##### Records provided

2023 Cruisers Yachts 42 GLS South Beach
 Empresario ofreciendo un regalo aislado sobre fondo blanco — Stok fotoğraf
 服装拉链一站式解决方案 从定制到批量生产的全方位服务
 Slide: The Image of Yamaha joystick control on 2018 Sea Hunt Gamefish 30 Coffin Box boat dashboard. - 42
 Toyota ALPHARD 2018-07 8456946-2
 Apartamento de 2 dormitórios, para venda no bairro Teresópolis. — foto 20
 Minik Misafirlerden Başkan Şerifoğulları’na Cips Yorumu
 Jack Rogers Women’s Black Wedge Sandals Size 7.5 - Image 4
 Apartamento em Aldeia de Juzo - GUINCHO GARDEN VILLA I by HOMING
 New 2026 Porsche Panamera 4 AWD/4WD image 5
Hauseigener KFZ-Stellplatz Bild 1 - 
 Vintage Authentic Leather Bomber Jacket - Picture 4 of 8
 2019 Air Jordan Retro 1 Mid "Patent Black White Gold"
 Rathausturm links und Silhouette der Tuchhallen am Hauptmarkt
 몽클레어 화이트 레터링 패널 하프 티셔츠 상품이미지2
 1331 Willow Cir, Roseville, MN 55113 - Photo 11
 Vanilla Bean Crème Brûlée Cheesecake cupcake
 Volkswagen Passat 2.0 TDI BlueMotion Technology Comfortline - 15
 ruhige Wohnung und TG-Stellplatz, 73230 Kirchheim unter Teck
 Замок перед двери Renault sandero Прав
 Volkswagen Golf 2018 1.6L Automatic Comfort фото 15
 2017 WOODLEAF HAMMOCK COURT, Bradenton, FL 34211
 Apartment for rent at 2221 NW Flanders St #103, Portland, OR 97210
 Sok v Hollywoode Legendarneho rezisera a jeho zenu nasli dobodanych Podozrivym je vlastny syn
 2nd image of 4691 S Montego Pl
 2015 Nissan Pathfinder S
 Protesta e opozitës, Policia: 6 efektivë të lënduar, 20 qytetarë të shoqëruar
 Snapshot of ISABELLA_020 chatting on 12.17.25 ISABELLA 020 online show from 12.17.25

##########

- [Action item]:
Starting at the line that contains "Apartamento de 2", write out every line through the end of the entries, exactly and with nothing added.

- [Exercise answer]:
 Apartamento de 2 dormitórios, para venda no bairro Teresópolis. — foto 20
 Minik Misafirlerden Başkan Şerifoğulları’na Cips Yorumu
 Jack Rogers Women’s Black Wedge Sandals Size 7.5 - Image 4
 Apartamento em Aldeia de Juzo - GUINCHO GARDEN VILLA I by HOMING
 New 2026 Porsche Panamera 4 AWD/4WD image 5
Hauseigener KFZ-Stellplatz Bild 1 - 
 Vintage Authentic Leather Bomber Jacket - Picture 4 of 8
 2019 Air Jordan Retro 1 Mid "Patent Black White Gold"
 Rathausturm links und Silhouette der Tuchhallen am Hauptmarkt
 몽클레어 화이트 레터링 패널 하프 티셔츠 상품이미지2
 1331 Willow Cir, Roseville, MN 55113 - Photo 11
 Vanilla Bean Crème Brûlée Cheesecake cupcake
 Volkswagen Passat 2.0 TDI BlueMotion Technology Comfortline - 15
 ruhige Wohnung und TG-Stellplatz, 73230 Kirchheim unter Teck
 Замок перед двери Renault sandero Прав
 Volkswagen Golf 2018 1.6L Automatic Comfort фото 15
 2017 WOODLEAF HAMMOCK COURT, Bradenton, FL 34211
 Apartment for rent at 2221 NW Flanders St #103, Portland, OR 97210
 Sok v Hollywoode Legendarneho rezisera a jeho zenu nasli dobodanych Podozrivym je vlastny syn
 2nd image of 4691 S Montego Pl
 2015 Nissan Pathfinder S
 Protesta e opozitës, Policia: 6 efektivë të lënduar, 20 qytetarë të shoqëruar
 Snapshot of ISABELLA_020 chatting on 12.17.25 ISABELLA 020 online show from 12.17.25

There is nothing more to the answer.